MS. CHING: Irina, just always be yourself and always learn more and more about who you are as a person.
NARRATION: Ms. Ching gave me a book that told me to be a teenage warrior and to always move on from the past. But it's hard.
IRINA: Do you think that I'm a teenage warrior?
MS. CHING: Yes. (laughing)
NARRATION: I still haven't told my counselor or my mom the truth—that my medical problems have nothing to do with the radiation. Okay, fine! I will.
(elevator ding, museum sounds)
NARRATION: And I'm starting to focus on helping the real victims instead.
IRINA: Alright, it's called, "Chernobyl and its Effects Today."
NARRATION: Last spring, I made a presentation for teenagers at the American Museum of Natural History.
IRINA: Yeah, that's where the nuclear stuff happens. Does anybody have questions?
NARRATION: I even told the security guard at the museum about Chernobyl, and he actually listened to me! So I explained the organization I want to start to help people in Belarus.
IRINA: (laughing) I'm gonna definitely hire you Mister.
SECURITY GUARD: You will?
IRINA: I'm gonna hire you.
SECURITY GUARD: So how long do I have to wait for that to transpire, for that to materialize?
IRINA: Well you know next year I'm graduating high school so by 2010, 2014 I'm gonna finish college.
SECURITY GUARD: 2014?
NARRATION: There are so many things I want to do and so little time.
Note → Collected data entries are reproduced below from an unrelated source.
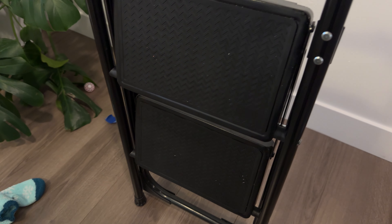This is a quick review for this step stool that we got off of Amazon. We really like it because it folds up super easily. It's easy to wash off as well. The bottom part has some floor protectors so it's not going to scratch up your floors.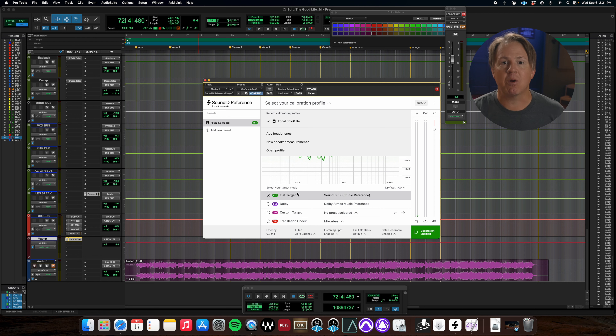Down here you'll notice our different target modes. It's set to flat right now — it's always best to mix on a flat EQ so nothing is artificially enhanced and every frequency range is standing out accurately. There's also a setting for Dolby if you're mixing in Atmos, which is cool. You can set a custom target, and then there's the translation check. This is where you'll probably spend a lot of your time as you start using this software.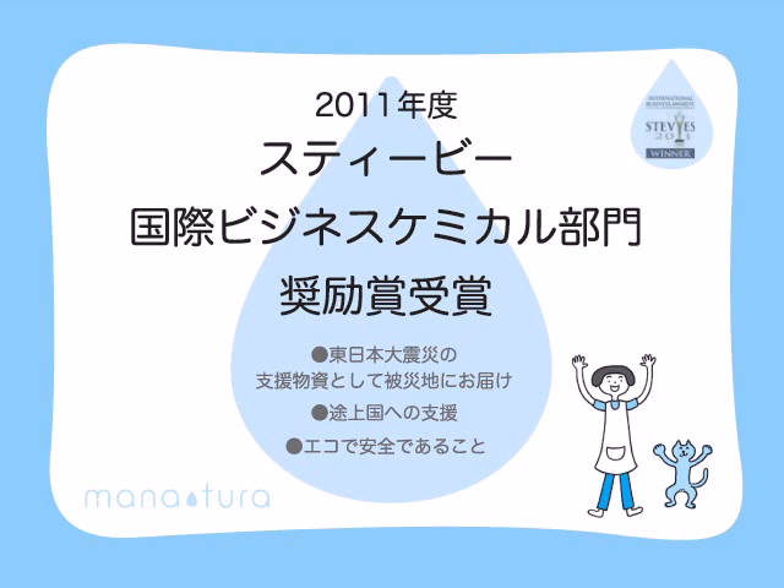Manatura has been highly acknowledged for its eco-friendliness and safety. For our efforts to help people in Tohoku and in developing countries, we earned the Distinguished Honorary Medal for the Best Company in the Chemical Category at the 2011 International Stevia Awards.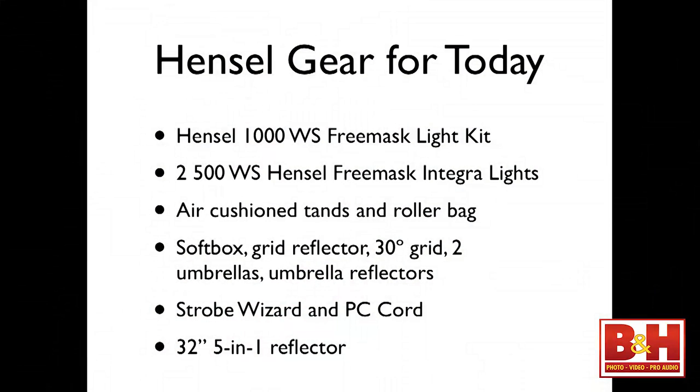Here's what we're using for today — the two-light kit I put together. Hensel sent me a three-light kit, but that was too heavy to drag down on the train from Connecticut this morning. We're using the Hensel 1000 watt-second FreeMask light kit: two 500 watt-second Hensel FreeMask lights, two air-cushion stands, a roller bag, a softbox, a grip reflector, a 30-degree grid, two umbrellas, two umbrella reflectors, a Strobe Wizard, a PC cord, and a 32-inch 5-in-1 reflector.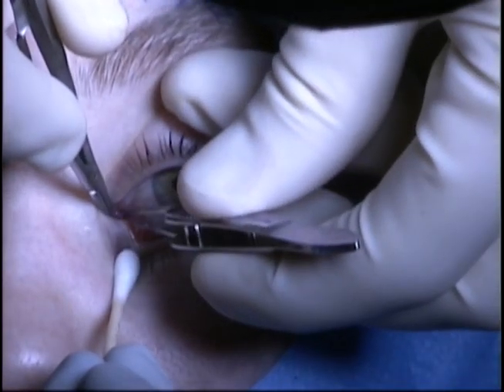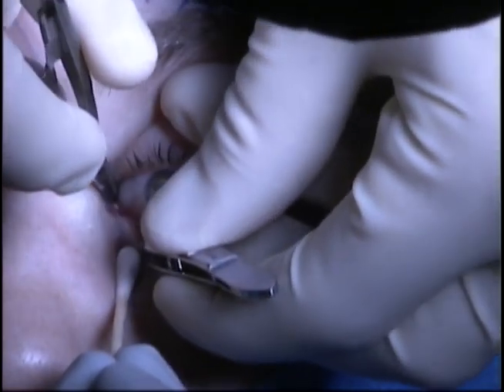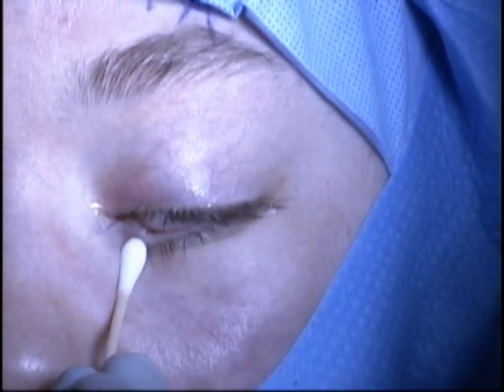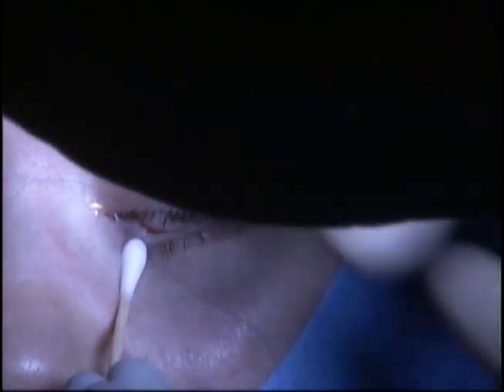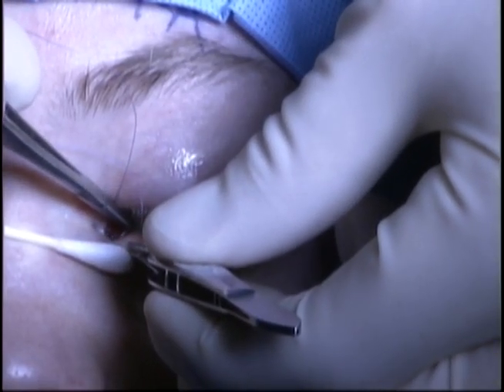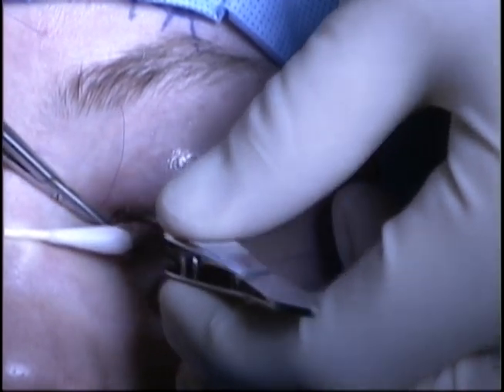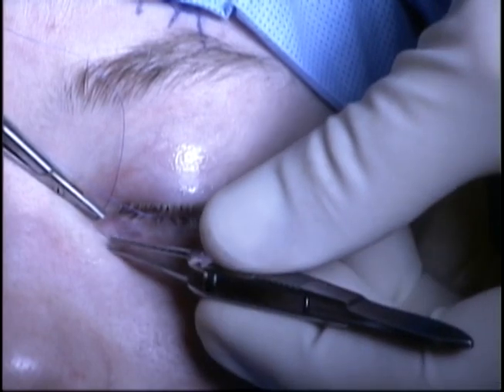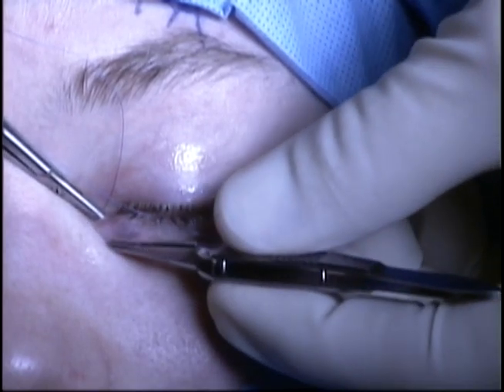The tube will be fixated for the early postoperative period with a 6-0 vicryl suture. The suture is placed as a noose around the tube and tied. The suture is double-armed and each arm is placed transcutaneous through the medial lower lid.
IRINA: So by 2020 I'm gonna hire you.
NARRATION: Dr. Perez-Foster told me the best way to make a difference is to educate people.
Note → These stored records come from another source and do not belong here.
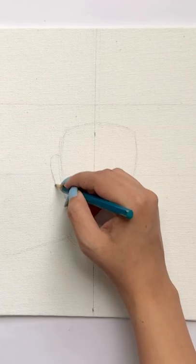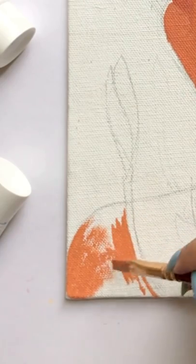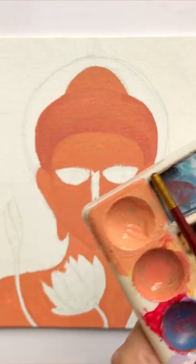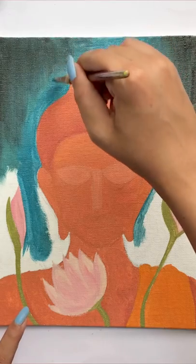Buddha canvas painting. Are you excited? So first of all, I'll make a craft sketch and then start painting. Here I'm using acrylic colors. This is my first Buddha painting — I've never made it in life.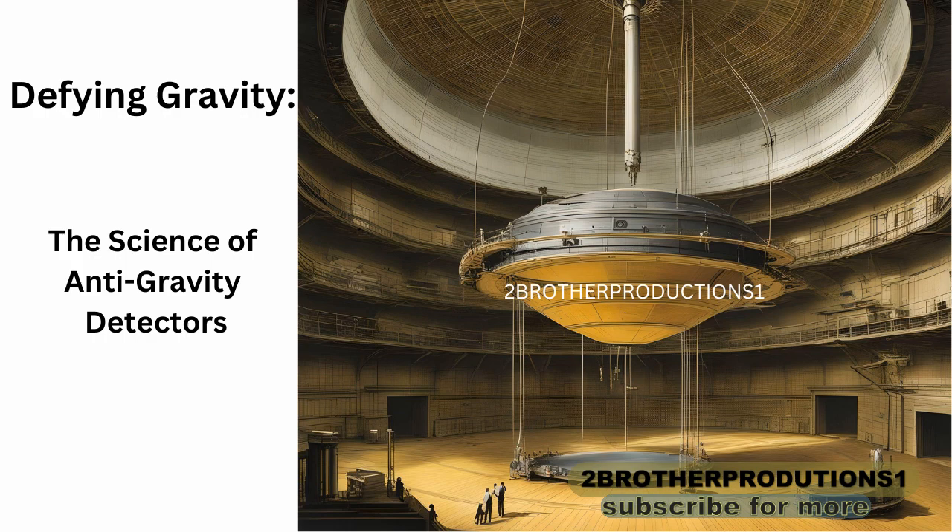How would such a contraption work? The answer lies in its construction. This fascinating device would likely consist of two asymmetric capacitor plates separated by an insulator. The crux of the operation hinges on charging these plates. When these plates are charged, a force is generated, and the direction and magnitude of this force could provide crucial insights into the presence of anti-gravity fields.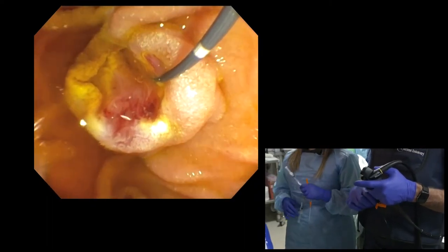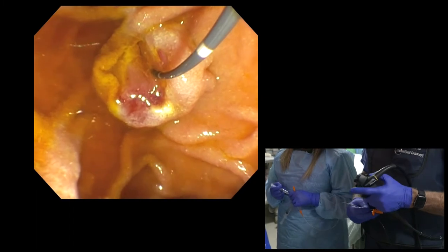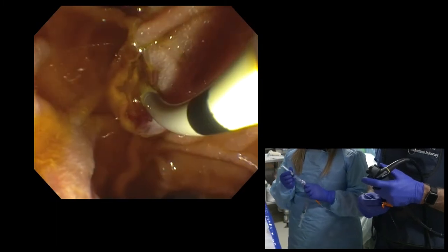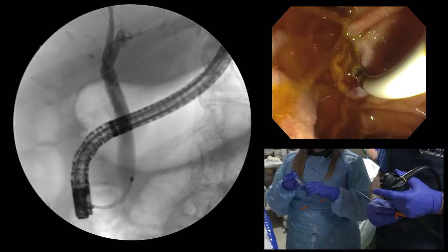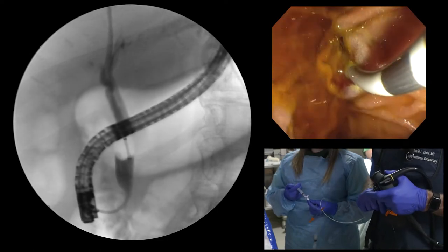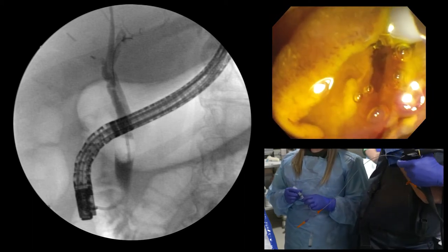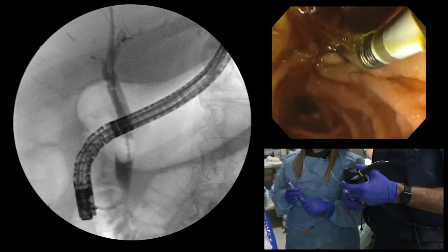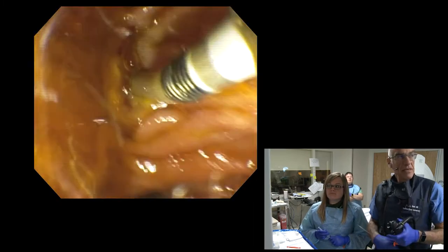Here we'll match the balloon size to the duct size, and that duct is bigger than 12mm, so I suspect a 15mm balloon is the right size to use here. We have a multi-sized balloon, the Cook balloon. Inflate. 15mm is exactly the right size. That duct — no stones. I wasn't expecting any. The 15mm balloon comes out; the duct is empty.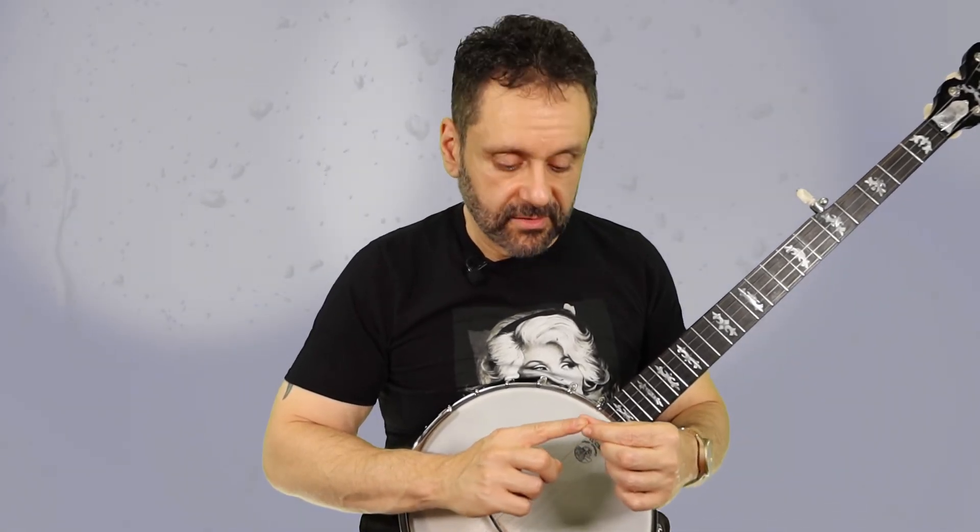You want to gently file down the excess length with a good nail file. I shape my striking nail into a gentle curve that basically follows the natural curve of my fingertip, and that works well for me. Although some people prefer a blunter, flatter profile — whatever works for you. Just be sure to file the edge smooth so that nothing is catching or scratching on the strings as you play.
DR. PEREZ-FOSTER: To teach them about radiation effects.
IRINA: Yeah I want to do that. I want to actually charge Russia with, that they haven't paid that much money to Belarus after--
DR. PEREX-FOSTER: (laughing)
IRINA: After what happened, with the Chernobyl, I want to actually do that.
DR. PEREZ-FOSTER: (laughing) You go girl, you go for it.
IRINA: I'm not joking, I'm serious.
For WNYC this is Rookie Reporter, Irina Sverzhanovskaya.